# HELP!!! Daughter turned off car without the IKey in it!



## nissanaltima (Mar 2, 2014)

So I am a mommy of a 10 year old a 4 year old and a baby. We were on our way out the door yesterday and I went and started the car with the I Key and loaded the kids in and then took the Ikey went to lock up the house (all my keys are on the same key ring). When I got to the door my oldest came to inform me the baby was crying. She had woke and was hungry so I unloaded the kids and went back inside to feed baby and forgot to kill the car. It was on low fuel anyway, and I guess sitting running for 45 min it ran out of fuel. Now I cant restart it. I know it has something to do with it running out of fuel without the IKEY in it. Is there a way to fix this without having it towed into a dealership?


----------



## b13er (Apr 7, 2010)

So you tried adding more fuel to it right lol?

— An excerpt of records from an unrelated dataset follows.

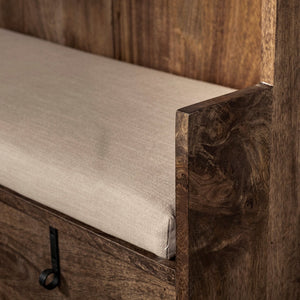 Mercana Glenn Contemporary Hall Tree with Cream Fabric Seat, 3 Drawers & Hooks for Stylish Entryway Storage 69019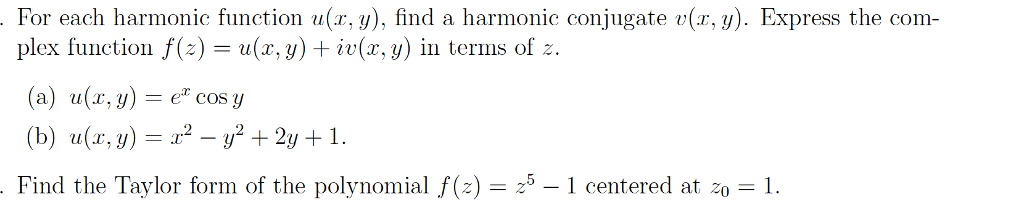 Solved For each harmonic function u(x, y), find a harmonic | Chegg.com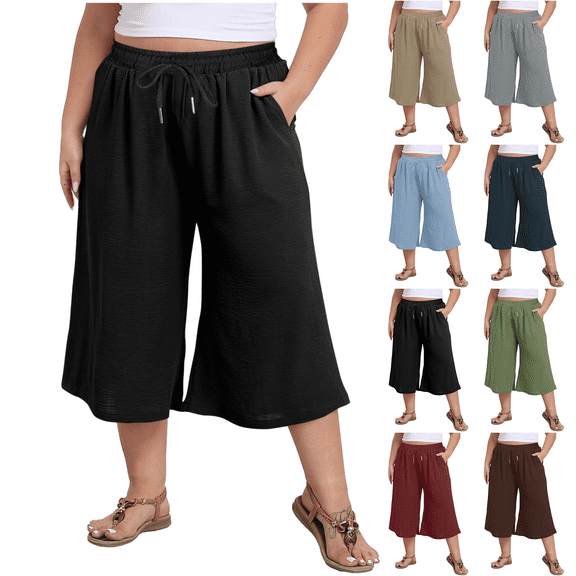 Plus Size Women's Casual Baggy High Waisted Wide Leg Pants Breathable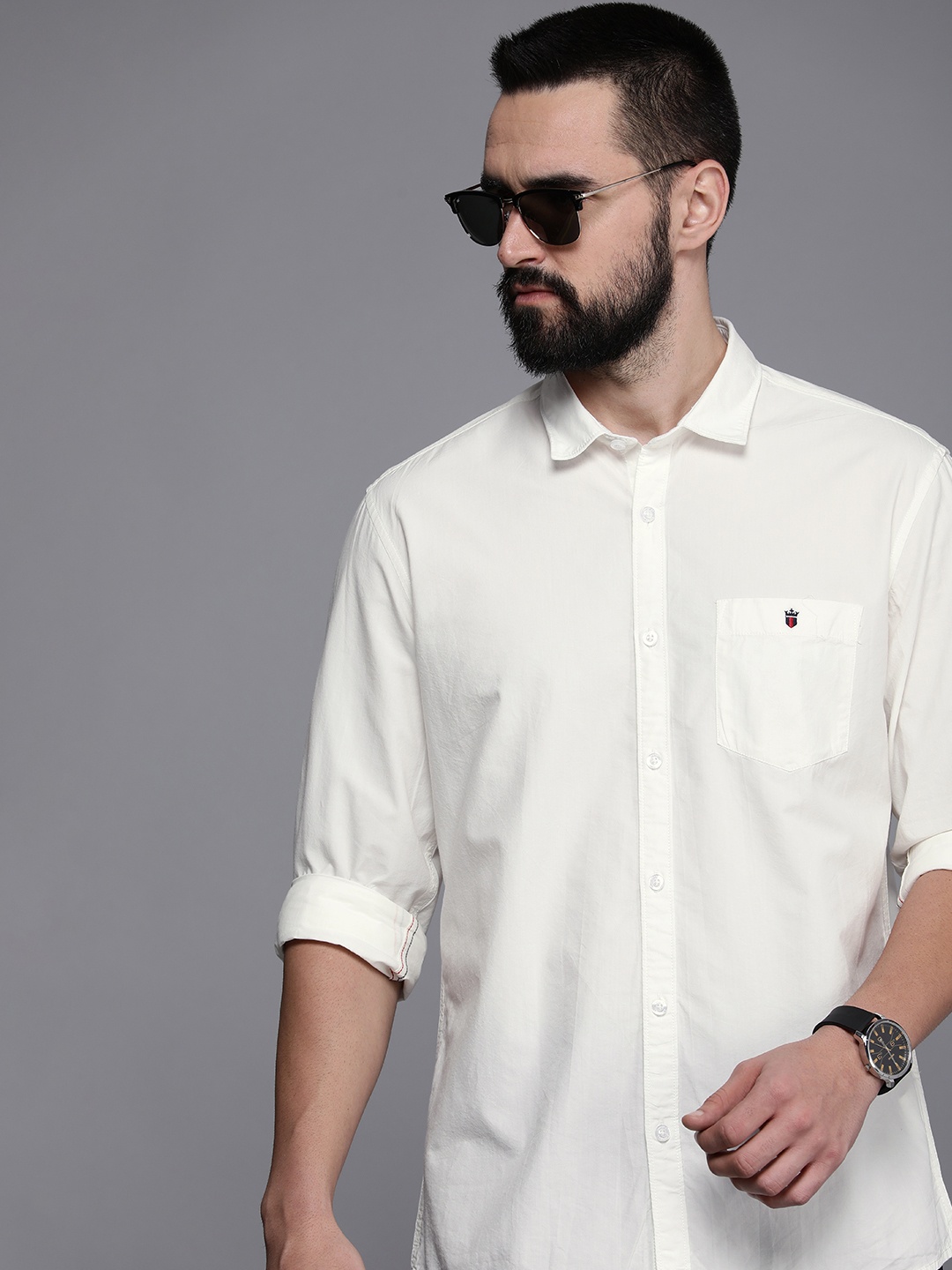 

Louis Philippe Jeans Solid Slim Fit Casual Shirt, White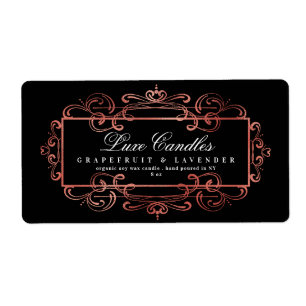 Elegant Rose Gold Foil Swirls Luxurious Black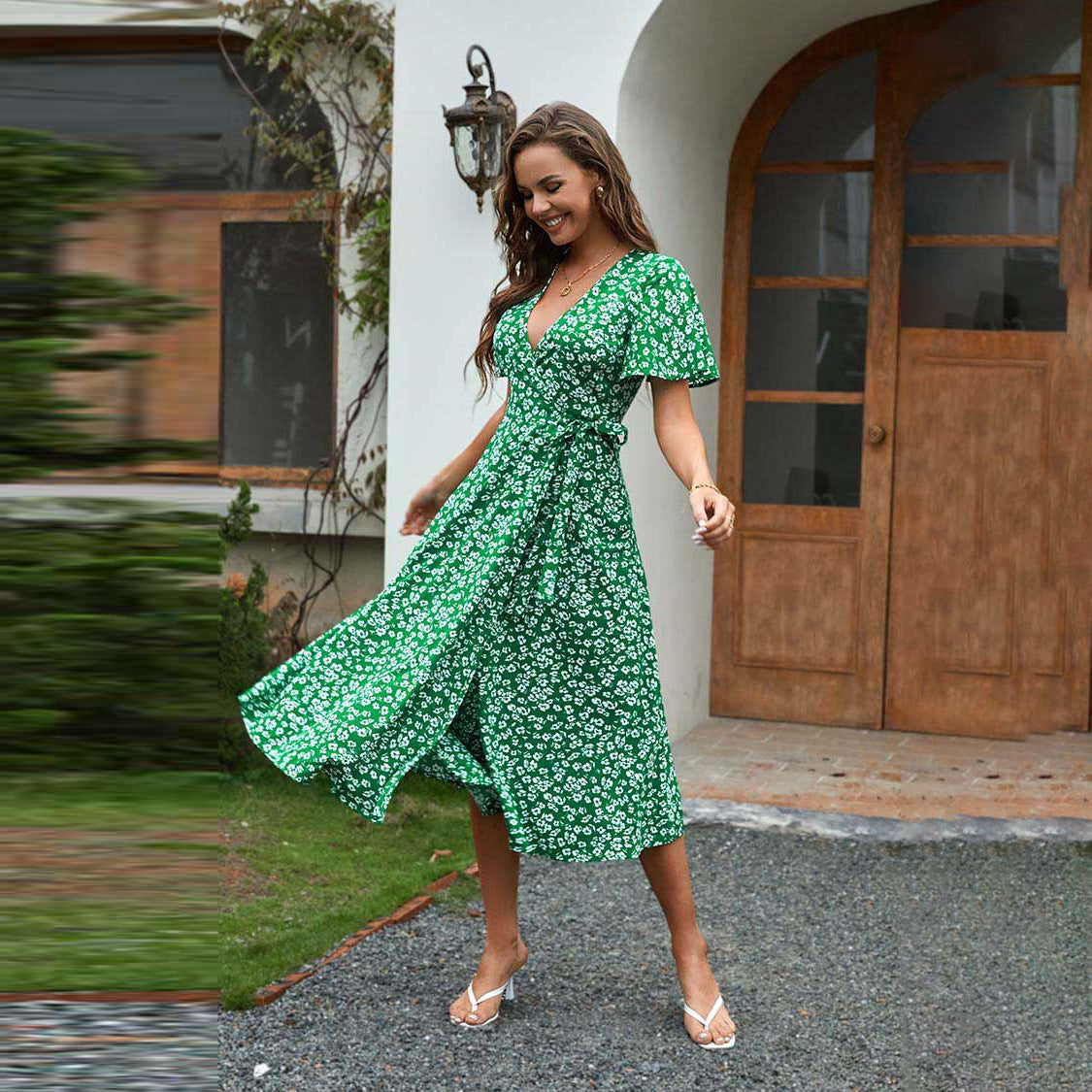 Dames Robe Maxi Fleurie à Enveloppe Chic und Stil 1751507269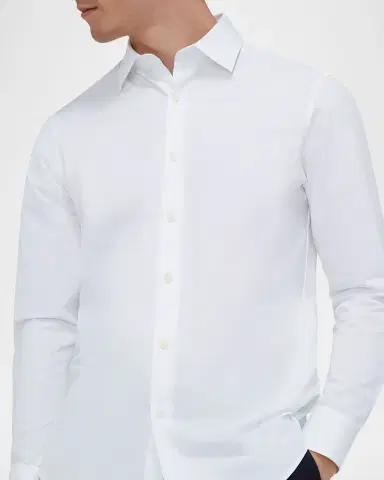 Bugatchi Men 's OoohCotton James Solid Sport Shirt | Thumbnail 4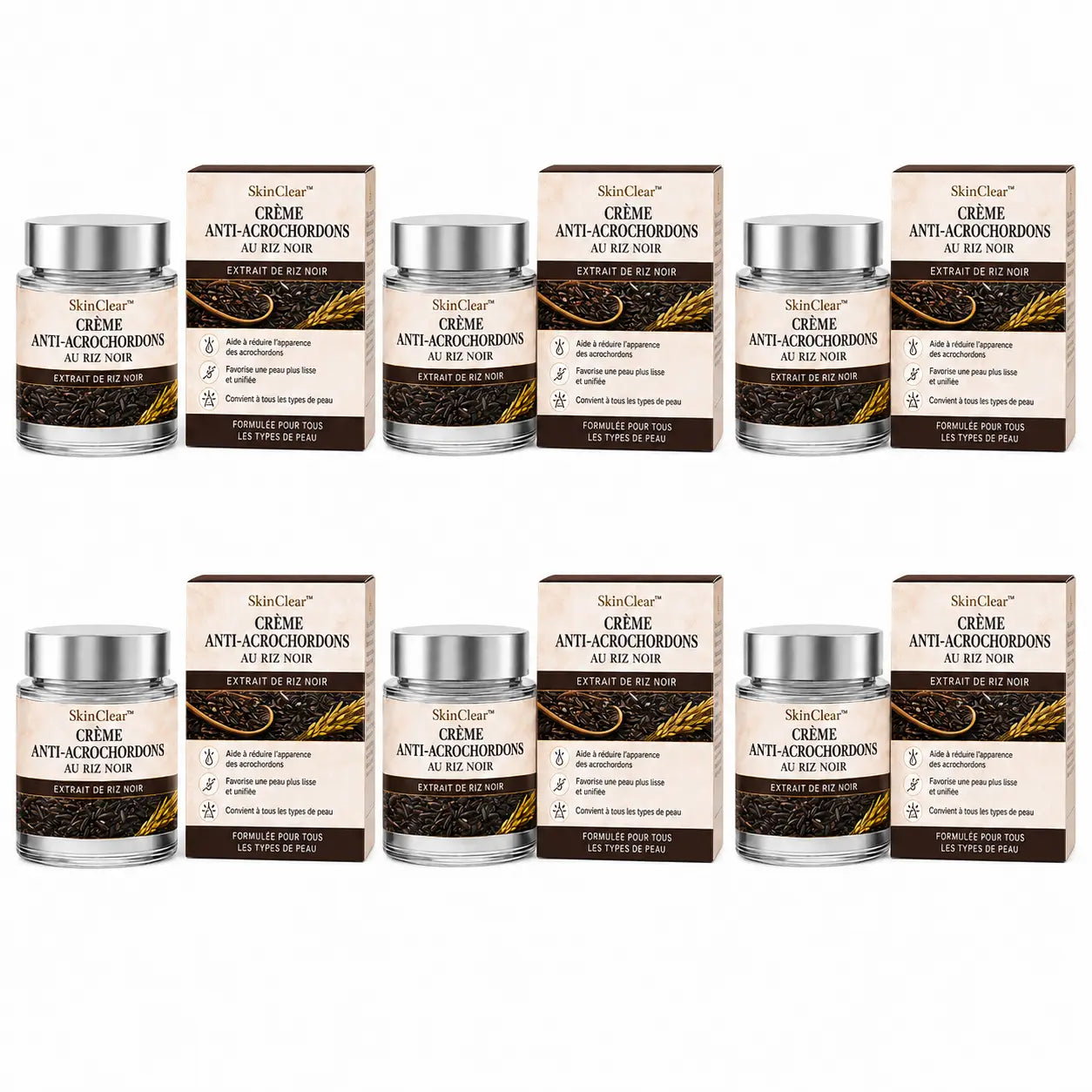 SkinClear™ Crème Anti-Acrochordons au Riz Noir | Faites disparaître les excroissances de peau sans brûlure ni cicatrice !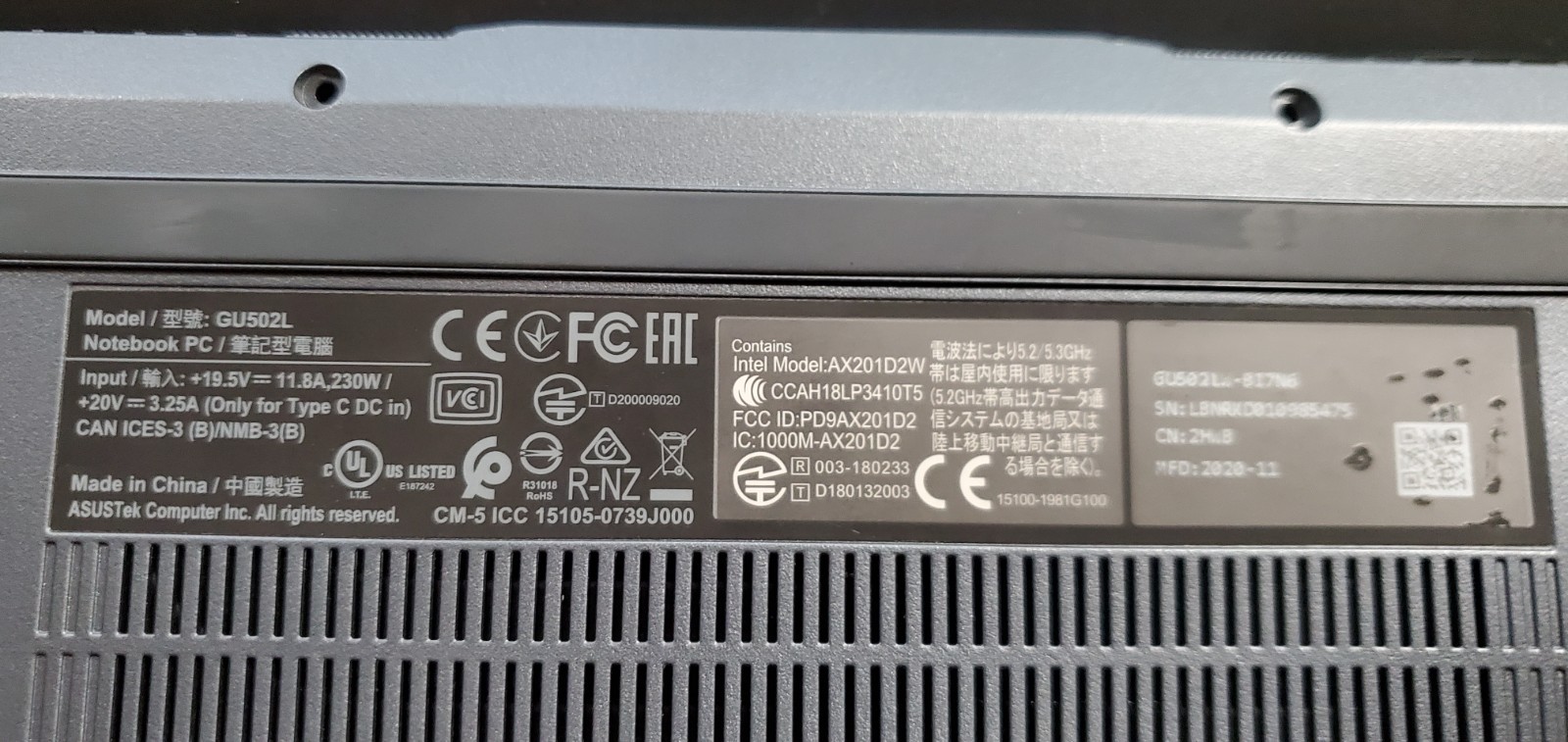 Asus ROG Zephyrus M GU502G Laptop i7-9th Gen No SSD/RAM/AC/Doesn’t Boot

I would call the dealership and see if they can give you any answers over the phone. Ask to speak to a mechanic. I imagine it's something simple you can do(like unplugging the battery for a few hours), and a lot of times the dealership is happy to help you with a simple problem over the phone. If they are being a pain an insisting that you bring the car in, just call a different nissan dealership.


----------



## jlblesh78 (Mar 16, 2014)

*Do you have a second iKey?*

I don't mean to be snarky, but did you add gas to it and try to start it again? 

Also, do you have another iKey you can try using to see if it'll start? I was given two with my Altima.

JennB.


----------